Conforme refere o Tribunal de Conflitos, no seu Acórdão n.º 02/12, de 20/09/2012, “A competência em razão da matéria é fixada em função dos termos em que a acção é proposta, concretamente, afere-se em face da relação jurídica controvertida, tal como configurada na petição inicial, relevando, designadamente, a identidade das partes, a pretensão e os seus fundamentos, sendo que em sede da indagação a proceder a este nível irreleva o juízo de prognose que, hipoteticamente, se pretendesse fazer relativamente à viabilidade da acção, por se tratar de questão atinente com o mérito da pretensão.” – no mesmo sentido, vd. MANUEL DE ANDRADE, “Noções Elementares de Processo Civil”, Coimbra Editora, 1979, pág. 91.

Assim, «para efeito da determinação da competência material do tribunal, deve atender-se à relação jurídica, tal como é configurada pelo Autor, na petição inicial, ou seja, no confronto entre a pretensão deduzida (pedido), independentemente do seu mérito, e os respectivos fundamentos (causa de pedir)» – cf. Acórdão do Supremo Tribunal Administrativo de 25/11/2010 (proc. 021/10). Isto é, deve atender-se à pretensão material do autor bem como aos factos invocados com relevância jurídica que, segundo este, preenchem a previsão normativa invocada.

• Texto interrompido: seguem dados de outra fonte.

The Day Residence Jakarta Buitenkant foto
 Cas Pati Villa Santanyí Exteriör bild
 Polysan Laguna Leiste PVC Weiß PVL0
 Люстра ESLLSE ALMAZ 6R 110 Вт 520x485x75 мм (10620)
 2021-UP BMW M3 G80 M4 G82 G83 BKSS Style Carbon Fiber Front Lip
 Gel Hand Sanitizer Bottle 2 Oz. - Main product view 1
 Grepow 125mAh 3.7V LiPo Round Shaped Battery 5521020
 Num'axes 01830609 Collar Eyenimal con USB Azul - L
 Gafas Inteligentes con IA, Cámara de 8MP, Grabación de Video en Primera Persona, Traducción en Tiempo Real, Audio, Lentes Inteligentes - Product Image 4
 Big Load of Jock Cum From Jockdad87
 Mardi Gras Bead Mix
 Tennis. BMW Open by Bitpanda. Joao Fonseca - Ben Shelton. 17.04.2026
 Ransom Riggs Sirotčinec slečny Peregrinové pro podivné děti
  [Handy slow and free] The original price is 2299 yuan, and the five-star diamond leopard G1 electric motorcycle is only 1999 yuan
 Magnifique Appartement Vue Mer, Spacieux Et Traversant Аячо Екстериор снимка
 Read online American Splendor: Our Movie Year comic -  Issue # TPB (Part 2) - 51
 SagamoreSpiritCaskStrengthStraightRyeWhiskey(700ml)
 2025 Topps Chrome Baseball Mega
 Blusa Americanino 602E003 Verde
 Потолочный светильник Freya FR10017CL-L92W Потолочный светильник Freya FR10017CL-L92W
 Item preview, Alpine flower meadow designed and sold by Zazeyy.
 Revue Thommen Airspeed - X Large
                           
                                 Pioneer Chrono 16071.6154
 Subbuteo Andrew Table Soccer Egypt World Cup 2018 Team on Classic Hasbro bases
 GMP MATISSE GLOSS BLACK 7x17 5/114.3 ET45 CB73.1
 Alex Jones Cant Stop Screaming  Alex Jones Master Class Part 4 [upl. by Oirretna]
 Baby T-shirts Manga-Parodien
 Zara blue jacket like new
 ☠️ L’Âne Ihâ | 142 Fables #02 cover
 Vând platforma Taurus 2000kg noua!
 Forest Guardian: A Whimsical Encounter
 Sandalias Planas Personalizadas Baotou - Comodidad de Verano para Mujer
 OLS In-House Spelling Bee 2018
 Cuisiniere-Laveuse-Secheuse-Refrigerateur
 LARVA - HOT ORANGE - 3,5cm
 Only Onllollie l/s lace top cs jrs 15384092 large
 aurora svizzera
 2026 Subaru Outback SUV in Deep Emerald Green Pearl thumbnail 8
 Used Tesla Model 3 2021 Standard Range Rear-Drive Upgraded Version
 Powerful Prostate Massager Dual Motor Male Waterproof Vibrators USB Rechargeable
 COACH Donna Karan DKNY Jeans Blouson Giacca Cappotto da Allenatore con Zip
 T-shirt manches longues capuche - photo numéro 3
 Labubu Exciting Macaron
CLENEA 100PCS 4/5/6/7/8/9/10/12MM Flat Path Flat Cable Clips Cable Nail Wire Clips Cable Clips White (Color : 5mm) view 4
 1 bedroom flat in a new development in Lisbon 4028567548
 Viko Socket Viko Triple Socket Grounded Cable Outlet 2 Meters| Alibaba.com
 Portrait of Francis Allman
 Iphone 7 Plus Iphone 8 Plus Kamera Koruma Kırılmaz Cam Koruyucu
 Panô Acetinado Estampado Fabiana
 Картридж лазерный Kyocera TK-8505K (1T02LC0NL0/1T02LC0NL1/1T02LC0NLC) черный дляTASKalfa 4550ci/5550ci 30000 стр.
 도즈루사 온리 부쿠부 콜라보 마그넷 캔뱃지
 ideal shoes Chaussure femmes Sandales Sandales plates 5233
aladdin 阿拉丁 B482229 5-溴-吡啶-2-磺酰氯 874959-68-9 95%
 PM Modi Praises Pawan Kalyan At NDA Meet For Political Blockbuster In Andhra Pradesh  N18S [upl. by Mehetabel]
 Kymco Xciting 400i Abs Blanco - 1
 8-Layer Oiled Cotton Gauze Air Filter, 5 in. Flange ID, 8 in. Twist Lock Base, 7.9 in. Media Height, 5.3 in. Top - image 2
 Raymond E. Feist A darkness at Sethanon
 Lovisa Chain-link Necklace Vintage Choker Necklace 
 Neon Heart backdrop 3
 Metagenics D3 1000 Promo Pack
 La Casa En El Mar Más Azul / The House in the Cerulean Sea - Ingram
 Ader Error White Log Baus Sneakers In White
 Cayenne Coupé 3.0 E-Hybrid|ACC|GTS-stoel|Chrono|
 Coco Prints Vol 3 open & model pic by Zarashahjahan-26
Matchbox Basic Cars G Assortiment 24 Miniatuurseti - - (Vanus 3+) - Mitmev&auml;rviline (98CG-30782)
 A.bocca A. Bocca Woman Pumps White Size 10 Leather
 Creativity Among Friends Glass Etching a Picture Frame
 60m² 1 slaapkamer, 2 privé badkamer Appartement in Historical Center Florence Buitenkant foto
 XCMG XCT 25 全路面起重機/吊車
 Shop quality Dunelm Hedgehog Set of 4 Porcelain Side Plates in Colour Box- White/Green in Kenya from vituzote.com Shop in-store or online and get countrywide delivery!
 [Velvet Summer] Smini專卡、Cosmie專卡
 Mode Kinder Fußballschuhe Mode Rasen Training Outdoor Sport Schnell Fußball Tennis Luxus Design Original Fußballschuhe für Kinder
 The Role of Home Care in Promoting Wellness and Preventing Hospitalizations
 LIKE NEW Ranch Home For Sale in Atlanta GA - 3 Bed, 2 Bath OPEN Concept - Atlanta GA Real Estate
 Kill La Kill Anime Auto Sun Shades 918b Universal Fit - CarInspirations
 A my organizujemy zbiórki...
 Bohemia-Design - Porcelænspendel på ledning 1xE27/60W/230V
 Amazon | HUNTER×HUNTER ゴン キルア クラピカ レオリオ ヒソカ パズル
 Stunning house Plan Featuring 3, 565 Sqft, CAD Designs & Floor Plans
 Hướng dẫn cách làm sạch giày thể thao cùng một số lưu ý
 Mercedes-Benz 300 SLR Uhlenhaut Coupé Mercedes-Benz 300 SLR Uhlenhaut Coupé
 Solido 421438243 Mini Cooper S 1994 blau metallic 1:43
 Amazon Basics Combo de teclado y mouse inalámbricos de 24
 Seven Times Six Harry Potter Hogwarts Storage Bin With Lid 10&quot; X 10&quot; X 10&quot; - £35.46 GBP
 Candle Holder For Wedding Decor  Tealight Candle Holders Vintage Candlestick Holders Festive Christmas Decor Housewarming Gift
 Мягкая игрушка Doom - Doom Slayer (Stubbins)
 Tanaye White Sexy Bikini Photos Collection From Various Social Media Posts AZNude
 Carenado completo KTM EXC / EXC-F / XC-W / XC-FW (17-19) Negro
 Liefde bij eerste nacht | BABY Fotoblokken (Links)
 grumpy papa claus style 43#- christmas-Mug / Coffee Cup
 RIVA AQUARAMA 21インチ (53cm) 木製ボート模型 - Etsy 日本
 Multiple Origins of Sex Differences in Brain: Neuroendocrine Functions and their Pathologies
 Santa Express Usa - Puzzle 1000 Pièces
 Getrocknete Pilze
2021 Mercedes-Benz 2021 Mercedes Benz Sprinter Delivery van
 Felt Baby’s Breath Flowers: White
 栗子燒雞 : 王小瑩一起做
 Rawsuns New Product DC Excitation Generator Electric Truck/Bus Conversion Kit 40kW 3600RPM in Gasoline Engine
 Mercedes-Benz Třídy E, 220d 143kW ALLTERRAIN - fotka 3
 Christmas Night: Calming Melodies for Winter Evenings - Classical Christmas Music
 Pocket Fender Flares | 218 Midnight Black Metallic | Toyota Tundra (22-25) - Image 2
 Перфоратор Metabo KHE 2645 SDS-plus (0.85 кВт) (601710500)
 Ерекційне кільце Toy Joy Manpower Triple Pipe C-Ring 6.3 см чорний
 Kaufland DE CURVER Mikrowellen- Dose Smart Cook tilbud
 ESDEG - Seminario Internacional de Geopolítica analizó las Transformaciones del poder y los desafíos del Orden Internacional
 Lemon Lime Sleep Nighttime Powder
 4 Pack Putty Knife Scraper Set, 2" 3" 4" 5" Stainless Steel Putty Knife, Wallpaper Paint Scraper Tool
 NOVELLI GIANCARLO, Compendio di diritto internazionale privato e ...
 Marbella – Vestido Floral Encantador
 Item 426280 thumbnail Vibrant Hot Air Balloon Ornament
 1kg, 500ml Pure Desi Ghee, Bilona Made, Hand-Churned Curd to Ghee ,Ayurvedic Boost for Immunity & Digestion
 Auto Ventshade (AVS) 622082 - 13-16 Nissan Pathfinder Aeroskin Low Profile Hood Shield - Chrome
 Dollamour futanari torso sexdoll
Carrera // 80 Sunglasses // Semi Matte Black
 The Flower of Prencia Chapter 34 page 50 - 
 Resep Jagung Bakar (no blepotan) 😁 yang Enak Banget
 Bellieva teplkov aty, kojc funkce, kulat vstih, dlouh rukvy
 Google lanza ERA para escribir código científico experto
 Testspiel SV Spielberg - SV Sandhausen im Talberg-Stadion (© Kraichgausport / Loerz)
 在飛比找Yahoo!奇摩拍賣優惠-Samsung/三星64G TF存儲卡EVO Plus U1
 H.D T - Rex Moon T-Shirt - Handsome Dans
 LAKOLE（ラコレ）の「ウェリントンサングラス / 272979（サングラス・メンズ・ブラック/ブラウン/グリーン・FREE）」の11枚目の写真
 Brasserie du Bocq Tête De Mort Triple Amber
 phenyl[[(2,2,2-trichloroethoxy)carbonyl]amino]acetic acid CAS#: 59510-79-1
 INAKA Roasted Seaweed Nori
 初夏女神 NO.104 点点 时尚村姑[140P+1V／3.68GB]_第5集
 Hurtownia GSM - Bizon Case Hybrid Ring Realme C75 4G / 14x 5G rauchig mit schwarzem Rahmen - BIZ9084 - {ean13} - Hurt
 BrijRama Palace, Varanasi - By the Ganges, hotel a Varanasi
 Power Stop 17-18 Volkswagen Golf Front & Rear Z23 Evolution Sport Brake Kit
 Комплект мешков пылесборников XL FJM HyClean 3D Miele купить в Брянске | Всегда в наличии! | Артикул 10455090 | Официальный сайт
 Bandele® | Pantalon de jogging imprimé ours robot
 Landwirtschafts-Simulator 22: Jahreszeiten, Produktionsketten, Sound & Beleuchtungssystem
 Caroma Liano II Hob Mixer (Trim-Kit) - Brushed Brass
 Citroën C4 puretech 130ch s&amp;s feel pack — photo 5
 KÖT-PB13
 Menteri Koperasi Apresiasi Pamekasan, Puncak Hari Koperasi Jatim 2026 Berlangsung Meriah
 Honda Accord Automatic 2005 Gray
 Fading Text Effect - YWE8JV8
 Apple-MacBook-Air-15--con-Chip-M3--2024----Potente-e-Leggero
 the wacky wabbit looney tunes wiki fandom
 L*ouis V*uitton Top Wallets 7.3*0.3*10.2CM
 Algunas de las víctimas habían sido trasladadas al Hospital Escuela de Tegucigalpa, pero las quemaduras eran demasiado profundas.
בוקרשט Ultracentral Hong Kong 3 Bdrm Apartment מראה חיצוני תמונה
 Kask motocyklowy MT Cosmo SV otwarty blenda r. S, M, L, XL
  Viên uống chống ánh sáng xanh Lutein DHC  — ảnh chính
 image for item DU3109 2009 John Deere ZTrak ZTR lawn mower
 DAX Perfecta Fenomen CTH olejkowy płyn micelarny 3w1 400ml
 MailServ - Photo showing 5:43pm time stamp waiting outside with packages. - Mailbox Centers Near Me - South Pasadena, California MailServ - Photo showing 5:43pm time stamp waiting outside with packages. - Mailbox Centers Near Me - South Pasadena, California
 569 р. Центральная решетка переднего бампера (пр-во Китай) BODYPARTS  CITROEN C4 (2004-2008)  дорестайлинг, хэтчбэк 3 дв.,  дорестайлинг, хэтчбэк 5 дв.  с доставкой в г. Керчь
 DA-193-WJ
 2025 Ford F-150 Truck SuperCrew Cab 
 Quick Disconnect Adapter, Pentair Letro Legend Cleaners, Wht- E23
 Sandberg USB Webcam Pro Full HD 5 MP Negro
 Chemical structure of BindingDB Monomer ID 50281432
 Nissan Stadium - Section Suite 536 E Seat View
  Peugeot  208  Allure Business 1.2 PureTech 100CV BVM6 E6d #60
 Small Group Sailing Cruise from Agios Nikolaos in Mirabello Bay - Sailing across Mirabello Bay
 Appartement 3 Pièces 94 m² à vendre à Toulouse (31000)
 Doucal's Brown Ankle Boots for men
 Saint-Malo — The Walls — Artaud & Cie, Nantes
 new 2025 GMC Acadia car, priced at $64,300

Pelos presentes autos o A. pretende que a R. seja condenada a reconhecer o direito de propriedade sobre o prédio identificado no artigo 1º da petição inicial; a reconstituir a situação existente mediante delimitação do prédio; e, a título subsidiário, a indemniza-lo pelo valor da parcela de terreno perdida a favor do caminho por fim e a pagar-lhe uma indemnização a título de danos patrimoniais pela queda das árvores.

Examinando a causa de pedir, verifica-se, em suma, a seguinte alegação: - o A. é proprietário do prédio rústico, situado na (…), FREGUESIA DE (...), concelho de Vinhais, descrito na Conservatória do Registo Predial de (...) sob o número 412 e inscrito na matriz predial rústica da FREGUESIA DE (...) sob o artigo 2234; - o referido prédio veio à posse do A. por doação e partilha em vida de seus pais, anteriores possuidores; - que por si e ante possuidores há mais de 10 e 20 anos que tal prédio se encontra na sua posse, ignorando lesar direitos de outrem, à vista de toda a gente, sem violência ou oposição e praticando sobre o mesmo os actos de um proprietário; - quanto mais não fosse, sempre o A. o teria adquirido por usucapião; - no prédio em causa o A. tem vindo a desenvolver a cultura de cerejeiras para madeira e, nas extremas, no topo de um talude, carvalhos, azevinhos e cedros; - em final de Abril, princípio de Maio de 2015, o A. constatou que havia sido removida a base dos taludes de suporte das árvores que ali tem plantadas, em toda a extrema do seu prédio para alargamento do caminho da (...); - o que provocou a derrocada de parte do terreno e a alteração da configuração do prédio, com perda de 66 m2 a favor desse caminho; - há mais de 10 anos que, na extrema sul do prédio do A. está situado um tubo danificado que transporta água para a aldeia; - na mesma altura da remoção da base dos taludes, a R. abriu igualmente uma vala ao longo e dentro da propriedade do A., removendo, também aí, a base de sustentação do talude e ocupando uma faixa de terreno do A. de aproximadamente 19,40 m2, impossibilitando o A. de entrar na sua propriedade.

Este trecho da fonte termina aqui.